PROVIDED MATERIAL →
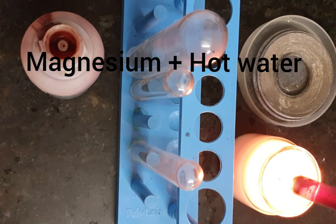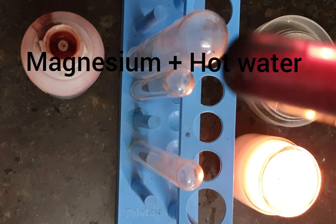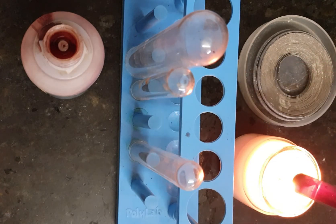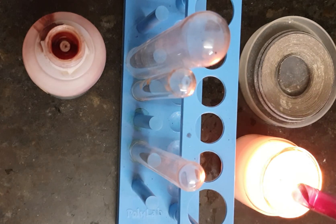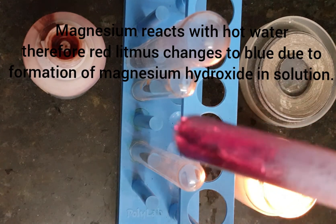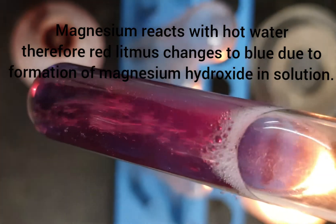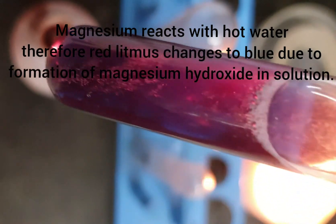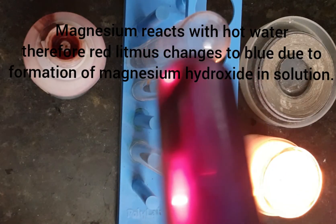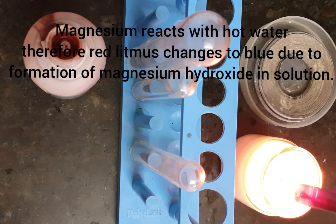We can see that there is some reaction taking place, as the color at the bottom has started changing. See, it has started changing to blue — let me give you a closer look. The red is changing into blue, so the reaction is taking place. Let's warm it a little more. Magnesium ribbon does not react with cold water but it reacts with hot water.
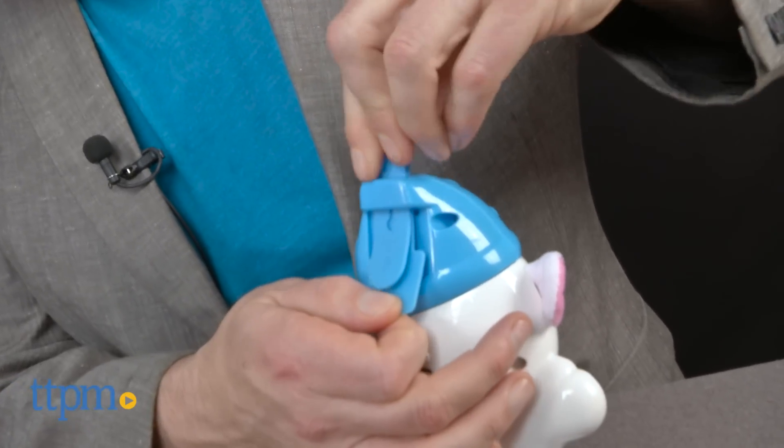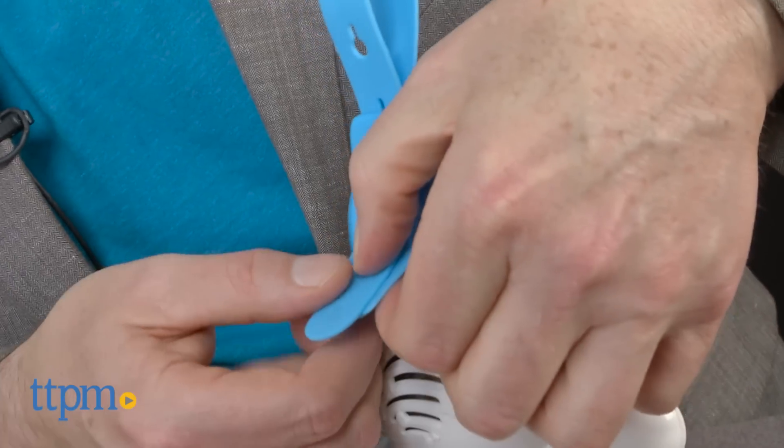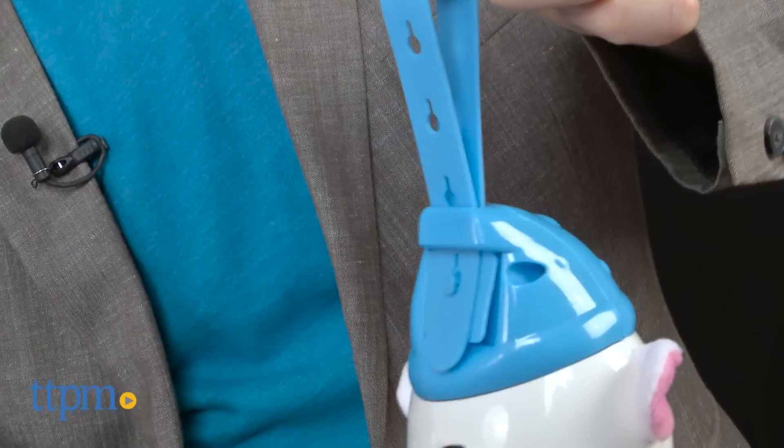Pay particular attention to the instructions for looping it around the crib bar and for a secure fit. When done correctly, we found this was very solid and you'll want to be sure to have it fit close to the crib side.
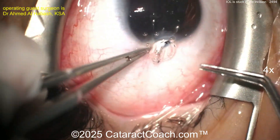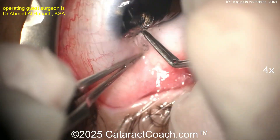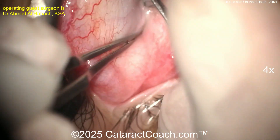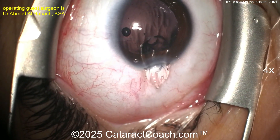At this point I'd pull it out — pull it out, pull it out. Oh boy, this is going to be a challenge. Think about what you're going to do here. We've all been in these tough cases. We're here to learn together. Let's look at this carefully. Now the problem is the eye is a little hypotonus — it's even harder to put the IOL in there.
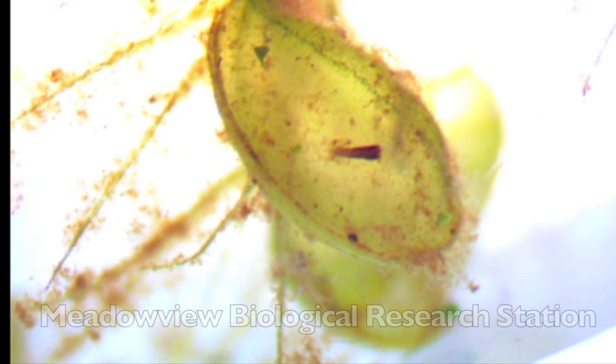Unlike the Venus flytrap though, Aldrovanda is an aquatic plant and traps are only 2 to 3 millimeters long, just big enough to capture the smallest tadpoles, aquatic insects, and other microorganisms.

* * *

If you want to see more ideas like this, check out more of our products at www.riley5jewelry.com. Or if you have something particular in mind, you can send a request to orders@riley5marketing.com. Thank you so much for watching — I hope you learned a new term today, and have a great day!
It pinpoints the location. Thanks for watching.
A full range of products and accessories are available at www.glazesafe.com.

EXERCISE →
Wherever the word "products" appears in the listing above, copy that line.

RESULT BELOW →
If you want to see more ideas like this, check out more of our products at www.riley5jewelry.com. Or if you have something particular in mind, you can send a request to orders@riley5marketing.com. Thank you so much for watching — I hope you learned a new term today, and have a great day!
A full range of products and accessories are available at www.glazesafe.com.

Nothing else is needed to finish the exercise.